Question

How to use Splatter to simulate a known number of DE genes in only two groups of cells ?

0

Entering edit mode

chenxofhit • 0

@chenxofhit-19781

Last seen 5.2 years ago

China/Changsha/CSU

I would like to simulate a dataset with two distinct groups of cells, and with the desired amount of DE genes if possible. In my case, I just want to test a method whether its performance is sensitive with a series of the increasing number of DE genes. For example, I would like to simulate a dataset of 500 cells and 5000 genes which has only two groups, with 150 DE genes and other non-DE genes. The number of non-DE genes is not necessarily equal to 5000 - 150 = 4850. According to the partition of genes, the dataset can be divided into two smaller datasets, which share the same cells. A serial number of DE genes, i.e., 50,60,70,...150 genes are gradually planted to the other dataset that only contains non-DE genes, to check whether the performance of a given method is sensitive to the varying DE genes.

My question is how to use splatter to solve this problem? If not, can I use other packages combined with splatter to get my purpose?

splatter Splatter • 1.2k views

ADD COMMENT • link updated 5.2 years ago by luke.zappia ▴ 50 • written 5.2 years ago by chenxofhit • 0

0

Entering edit mode

I’m removing the DESeq2 tag because this question doesn’t seem to involve DESeq2.

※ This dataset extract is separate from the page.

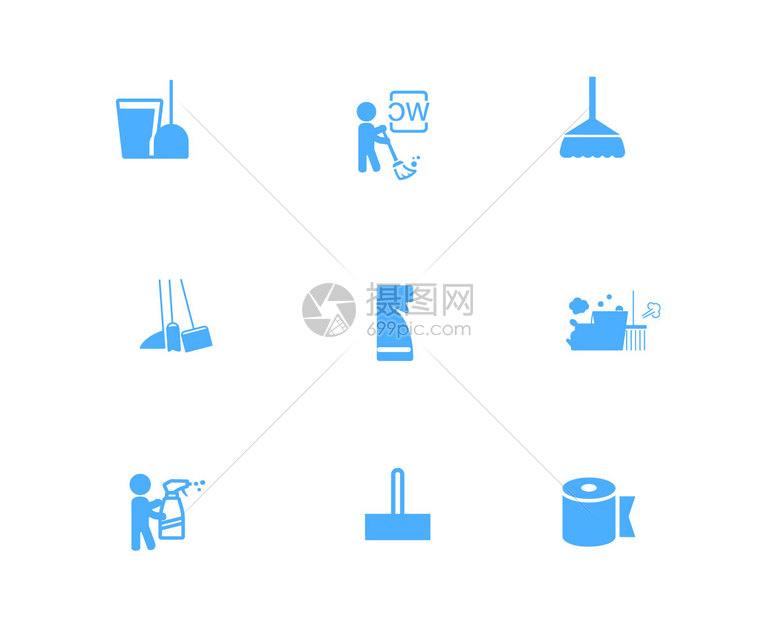 蓝色清洁卫生图标打扫卫生清洁喷雾厕所打扫打扫工具svg图标元素套图图片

ADD REPLY • link 5.2 years ago Michael Love 41k

score 0 · Answer 1 · 2019-02-07

0

Entering edit mode

luke.zappia ▴ 50

@lukezappia-11973

Last seen 22 months ago

Germany

Hi chenxofhit

I'm not quite sure I understand the design you want but here is an example that might get us started.

library(splatter)

sim <- splatSimulate(nGenes = 5000,
                     batchCells = c(250, 250),
                     group.prob = c(0.5, 0.5),
                     de.prob = c(0.01, 0.01),
                     method = "groups")

This would generate a dataset with:

5000 genes
Two technical batches with 250 cells in each batch
Two groups (approximating cell types), each of which is equally likely (~250 cells in each, or ~125 from each batch)
Around 1 % of genes (~50) differentially expressed in each group

Is that something along the lines of what you are looking for? This is using the Splat simulation but there are several other simulations in Splatter that might be useful and of course more in other packages.

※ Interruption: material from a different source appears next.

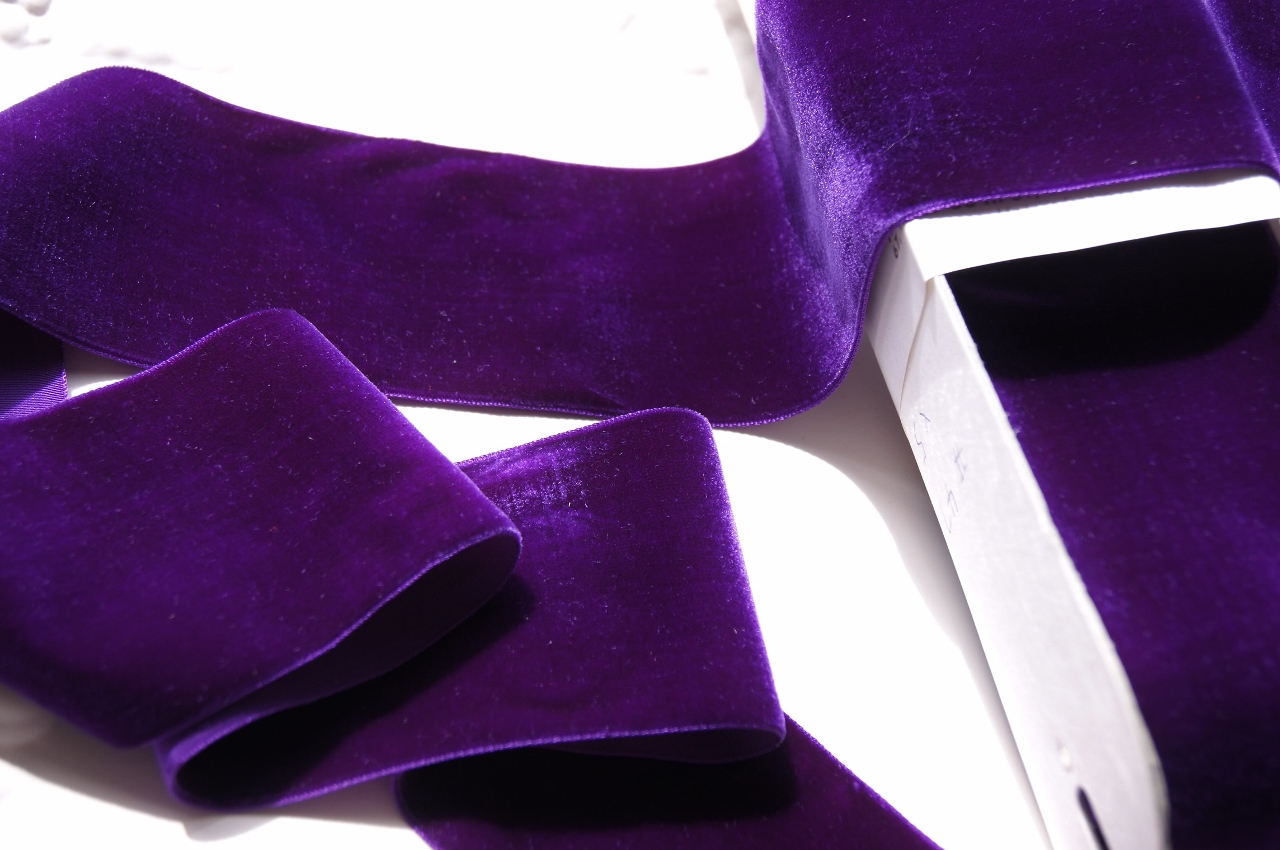 Purple French Wide Velvet Ribbon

ADD COMMENT • link 5.2 years ago luke.zappia ▴ 50

0

Entering edit mode

Thanks for your instant answer. The example you have given is very clear!

Actually, I need to know which ~100 genes are DE genes, to continue my following experiments. I do not know whether it can be obtained with the Splatter package in this simulation case. Or, should I use other DE related packages such as DESeq2, which I have put in the tags of the question and then removed by dear Michael, to get which ~100 genes from these 5000 genes are DE genes?

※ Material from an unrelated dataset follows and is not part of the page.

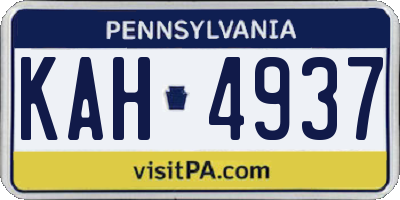 PA license plate KAH4937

I am looking forward to your reply.

ADD REPLY • link 5.2 years ago chenxofhit • 0

0

Entering edit mode

All the intermediate parameters are stored in various slots of the SingleCellExperiment object that is returned, I suggest you take a look at these to see what will be useful for you.

To find which genes are DE have a look at the DEFacGroupX columns in rowData(sim). These can be considered as foldchanges between each group and a fictional base cell, 1 is normal expression, < 1 is down-regulated, > 1 is up-regulated. To find DE genes between groups you need to look for differences in these factors.

P.S. The code above needs method = "groups" to simulate the groups I described, I will edit it to show this.